Glass is a breeze to clean. The straw is dishwasher safe, but on the boat and in an RV, we use the included straw cleaning brush. A drop of dish soap on the brush and it cleans up in no time. Even iced tea stains are no problem.

Favorite Features

  • It feels great and looks fancy too.
  • Each straw is handmade and individually inspected.
  • Made from the same stuff as Pyrex, these straws are solid. The cat has knocked my cup on the floor multiple times, and the straw is still intact!
THE REALITY OF THE SWAP: From smoothies to cocktails to my daily iced tea, I thoroughly enjoy this kitchen staple. If you’re having trouble ditching the plastic straw, I hope you’ll give the glass a try.

You can check out the Hummingbird glass straws here. In addition to their other useful features, they are made by a small company in the US.


Beeswax Wraps

A big storage issue living in a small space was how to reduce plastic sandwich bags and plastic wrap. With a small fridge, it’s easy to stuff a plastic bag into a small space versus a plastic container.

I tried the reusable silicone bags, which some folks love, but they can be bulky in a tiny fridge. That’s when I finally tried beeswax wraps.

How Beeswax Wraps Work

Wrap your food, or cover your bowl, then mold the wrap to your liking. The wrap uses the heat from your hands to create a seal.

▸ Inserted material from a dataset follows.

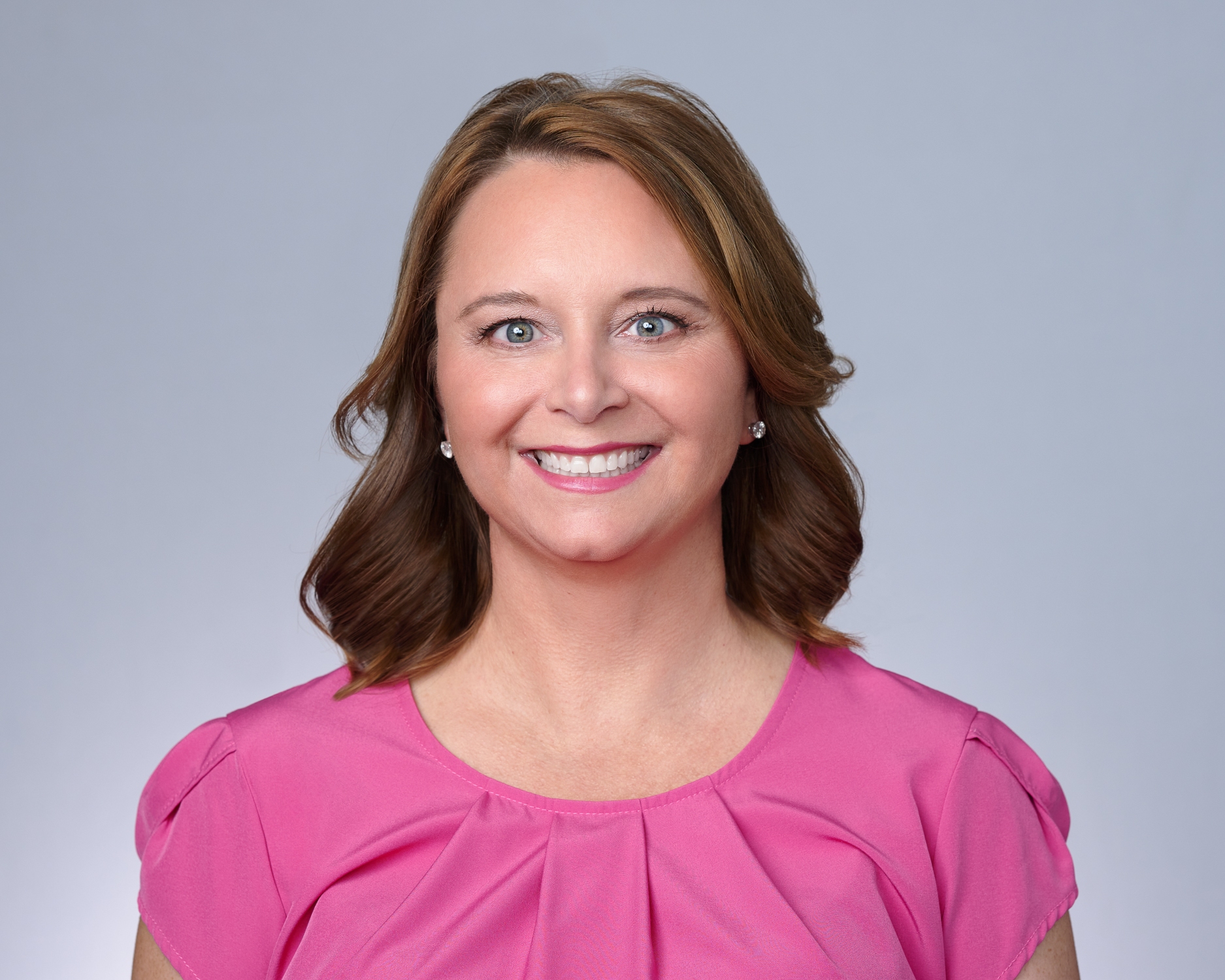Rachael Crump, Chief Accounting Officer of Insight Enterprises, Inc., Frontieras Board of Directors and Audit Committee Chair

bees wax wraps covering serving bowl and wrapping up a wedge of cheese

Using Beeswax Wraps

You can put most veggies, greens, fruits, and cheeses in these wraps with minimal cleanup. If it seems like it will be too big of a mess, I’ll use a container instead.

Caring for Beeswax Wraps

The wraps clean up with mild soap and water. Keep away from heat, including hot water, as it will break down the wax. After three months, these are holding up well. I just bought another pack to have more to use!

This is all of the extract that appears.